Shortest Paths (Dijkstra)
BFS finds the path with fewest hops; Dijkstra finds the path with least total cost. Learn relaxation, the min-heap frontier, and why non-negative weights are required.
What you'll learn
- Why BFS is not enough when edges have costs, and how a priority queue fixes it
- How edge relaxation works and why it is the engine behind Dijkstra
- The O((V+E) log V) complexity and when a binary heap is the right structure
- Where Dijkstra fits in the shortest-path family: BFS, Bellman-Ford, and A*
Before you start
BFS is perfect for unweighted graphs: every edge costs the same, so the first time you reach a node you have found the shortest path to it. Add edge weights — a toll road costs more than a side street, a slow link adds more latency than a fast one — and BFS breaks. It cannot distinguish “four cheap edges” from “four expensive edges.”
Dijkstra’s algorithm solves this with a single rule: always expand the cheapest-so-far frontier node next. That greedy choice, backed by a priority queue, produces the correct shortest path to every reachable node.
The intuition
Imagine you are navigating a city.
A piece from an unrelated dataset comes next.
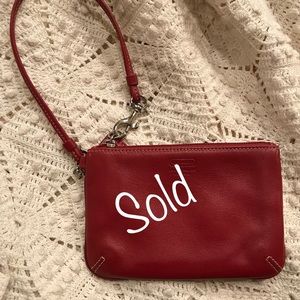 New Coach Wristlet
Some roads have tolls; others are free. You keep a notepad: for every intersection you have reached, you write down the cheapest known route to get there. Each time you have to move, you leave from the intersection with the smallest total cost on your notepad — not the geographically closest one, the cheapest-to-reach one.
When you leave a node you do two things:
- Lock in its distance — because every edge weight is non-negative, no future detour through other nodes can produce a cheaper route to this intersection; any path that continues from here can only stay the same or get more expensive.
- Relax its neighbors — for each neighbor, check whether going through this node beats the neighbor’s current notepad entry. If so, update it.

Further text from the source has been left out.